Dataset items:
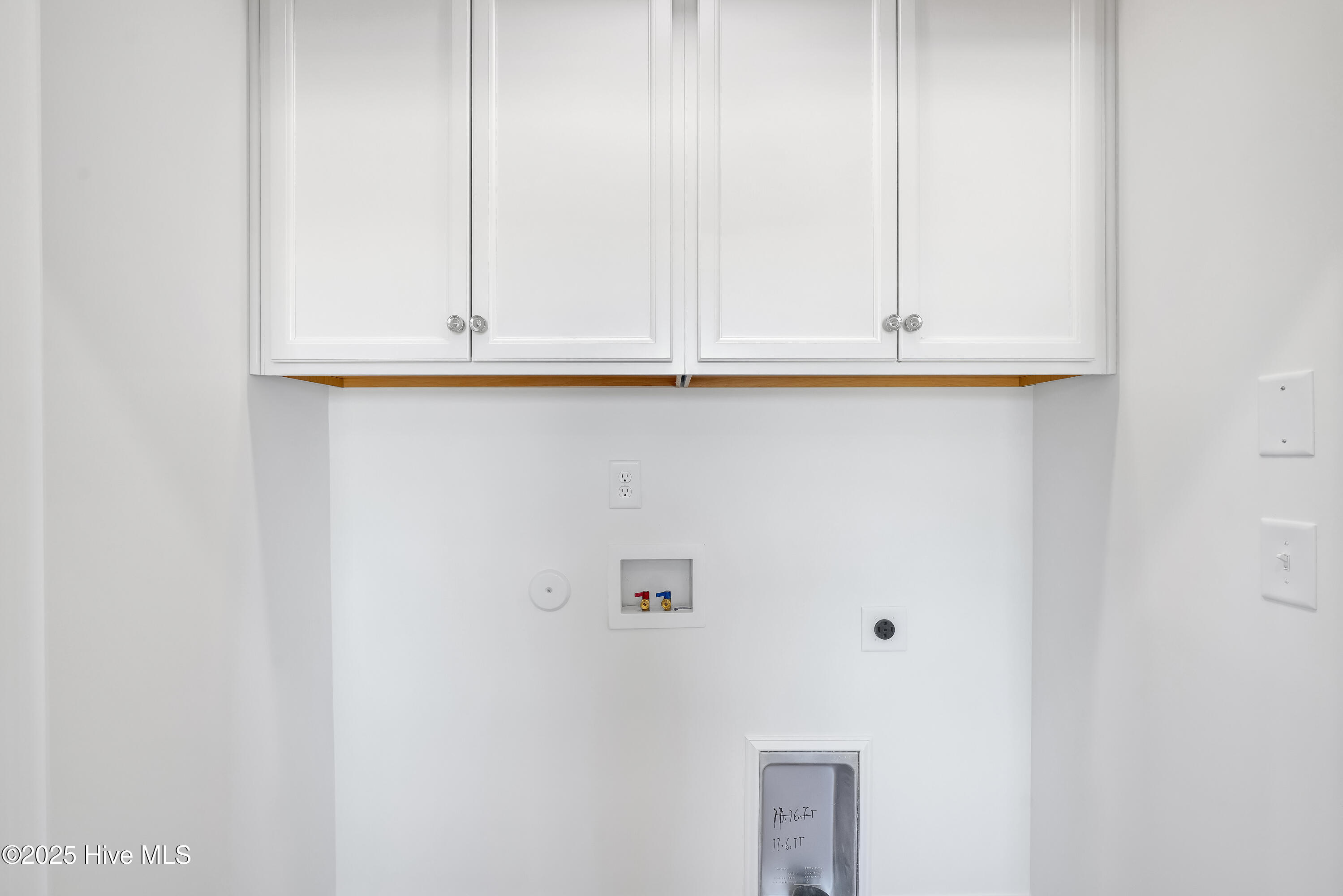 100531158 | Photo 14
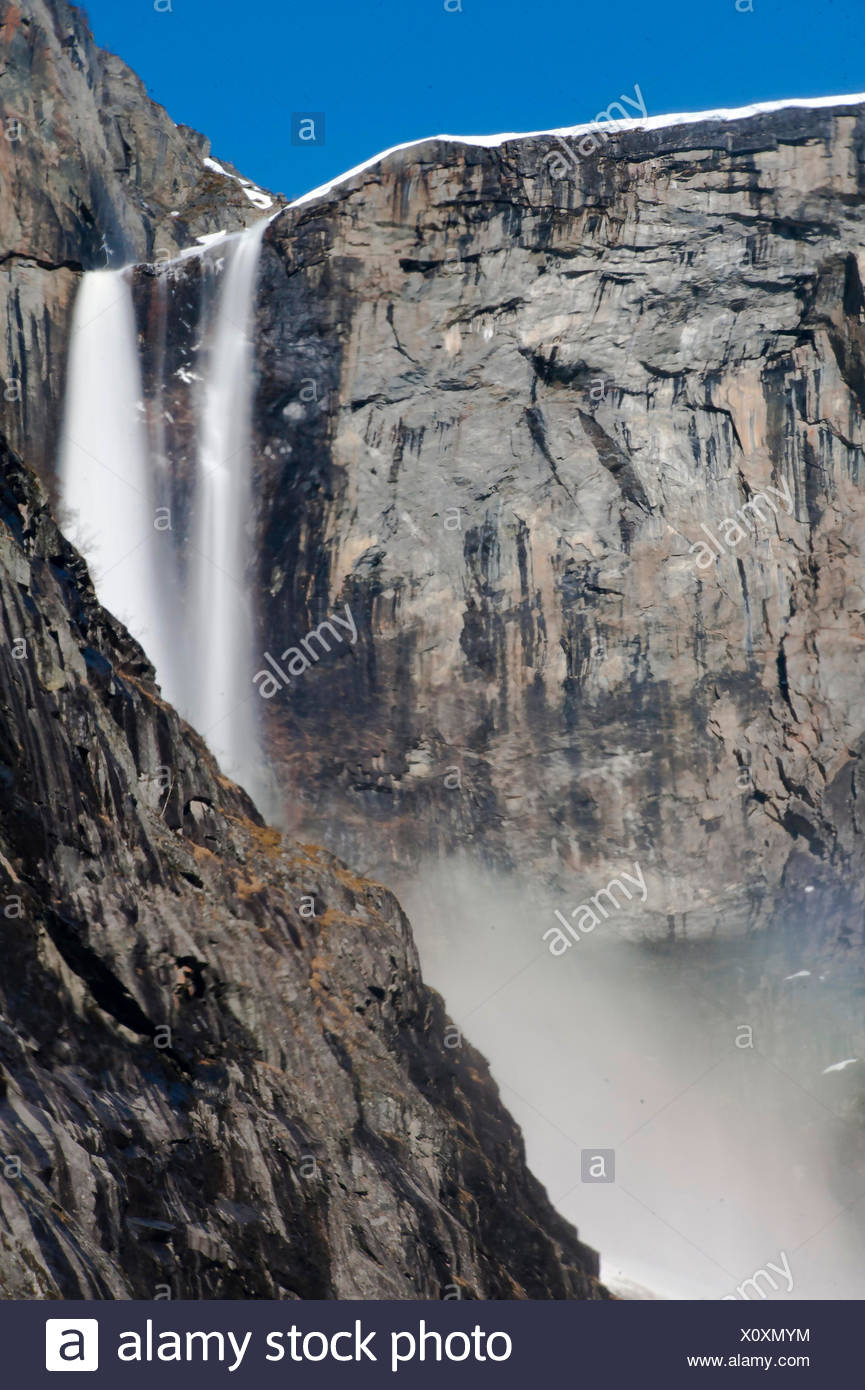 Wasserfall Vedalsfossen, Norwegen, Hordaland, Eidfjord, Hjolma | waterfall Vedalsfossen, Norway, Hordaland, Eidfjord, Hjolma | B Stock Photo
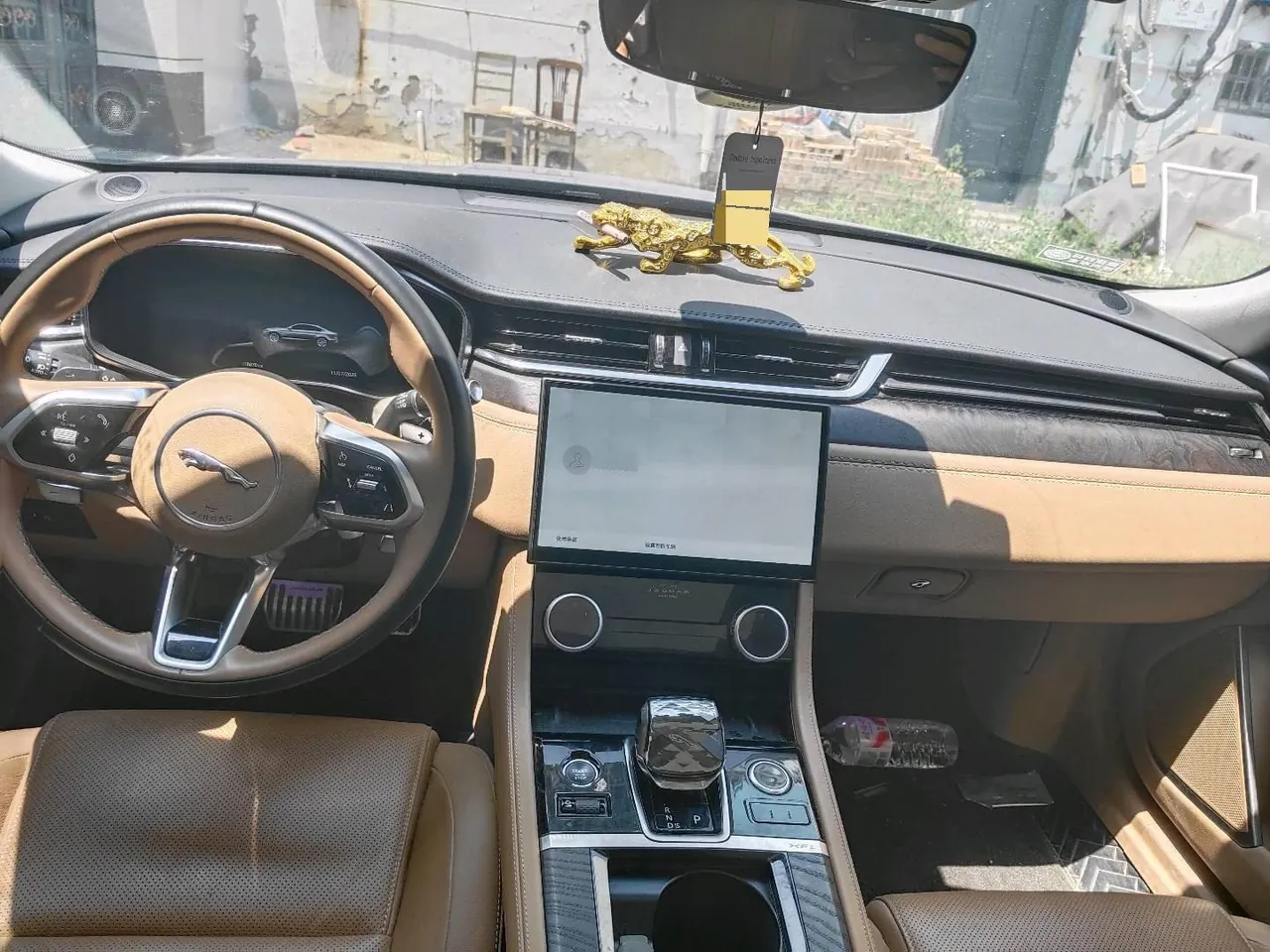 Jaguar 2024 XFL 2.0T P 12500.00g Drive Enjoy Deluxe Edition Automatic Gear 3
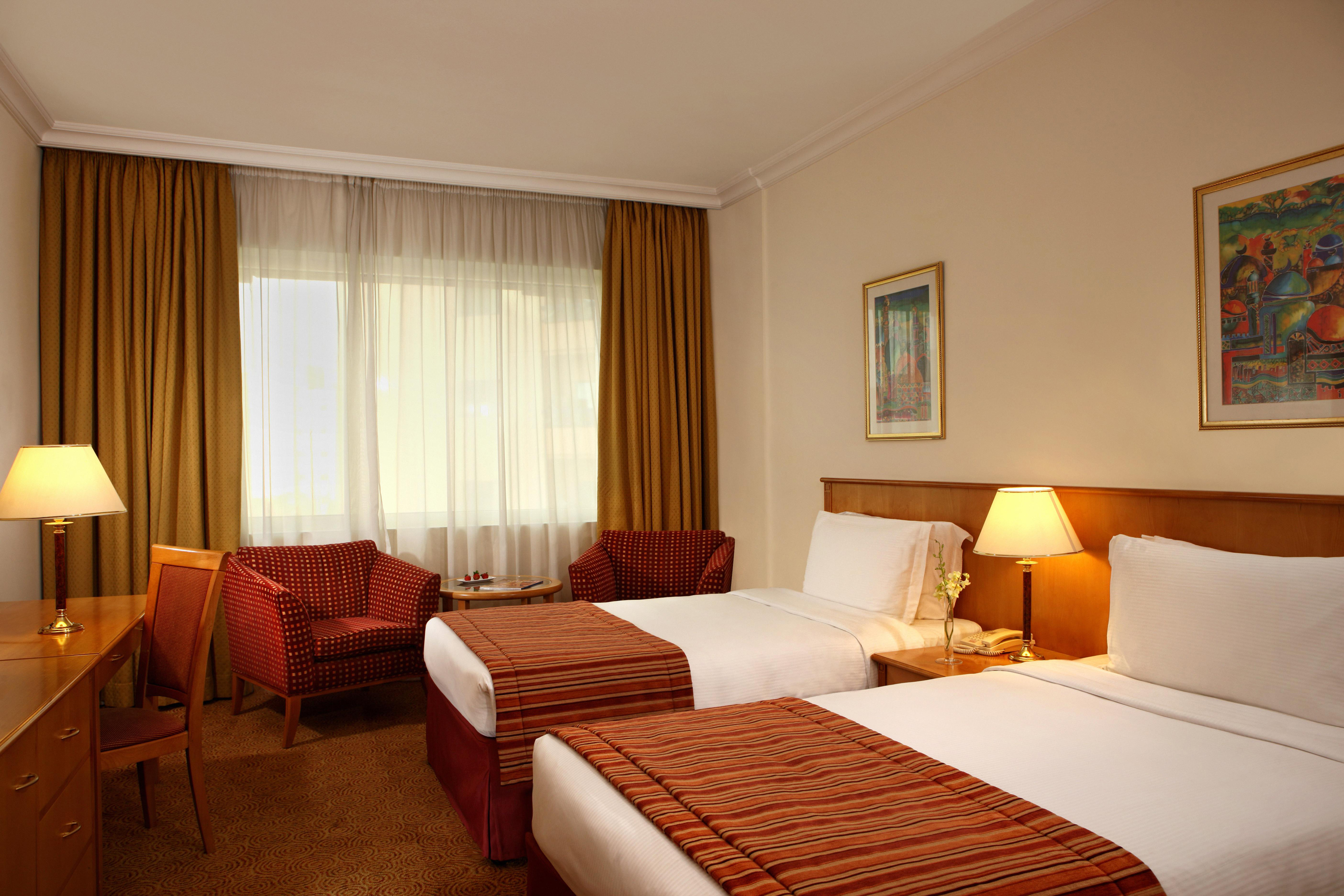 Swiss-Belhotel Sharjah 16/46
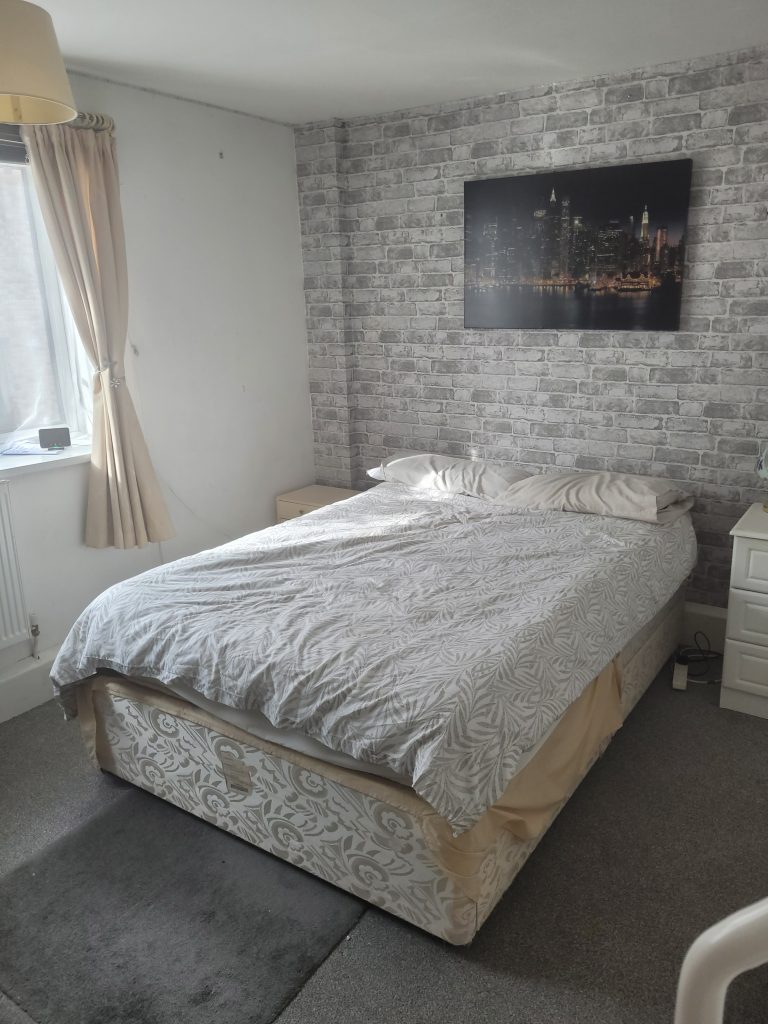 17601794331213214992255106000650 768x1024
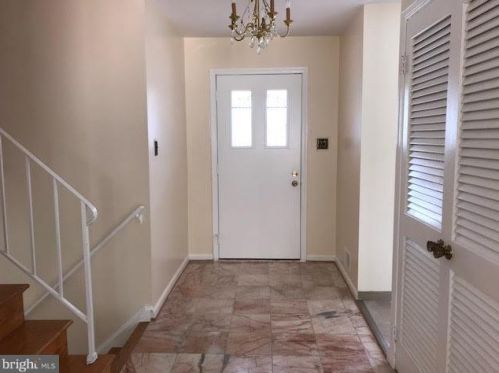 11506 Karen Dr, Rockville MD  20854-3149 exterior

- _WHAT IS BEING ASKED_: Copy the records exactly. Skip the pictures.

- _SOLUTION TO THIS EXERCISE_:
 100531158 | Photo 14
 Wasserfall Vedalsfossen, Norwegen, Hordaland, Eidfjord, Hjolma | waterfall Vedalsfossen, Norway, Hordaland, Eidfjord, Hjolma | B Stock Photo
 Jaguar 2024 XFL 2.0T P 12500.00g Drive Enjoy Deluxe Edition Automatic Gear 3
 Swiss-Belhotel Sharjah 16/46
 17601794331213214992255106000650 768x1024
 11506 Karen Dr, Rockville MD  20854-3149 exterior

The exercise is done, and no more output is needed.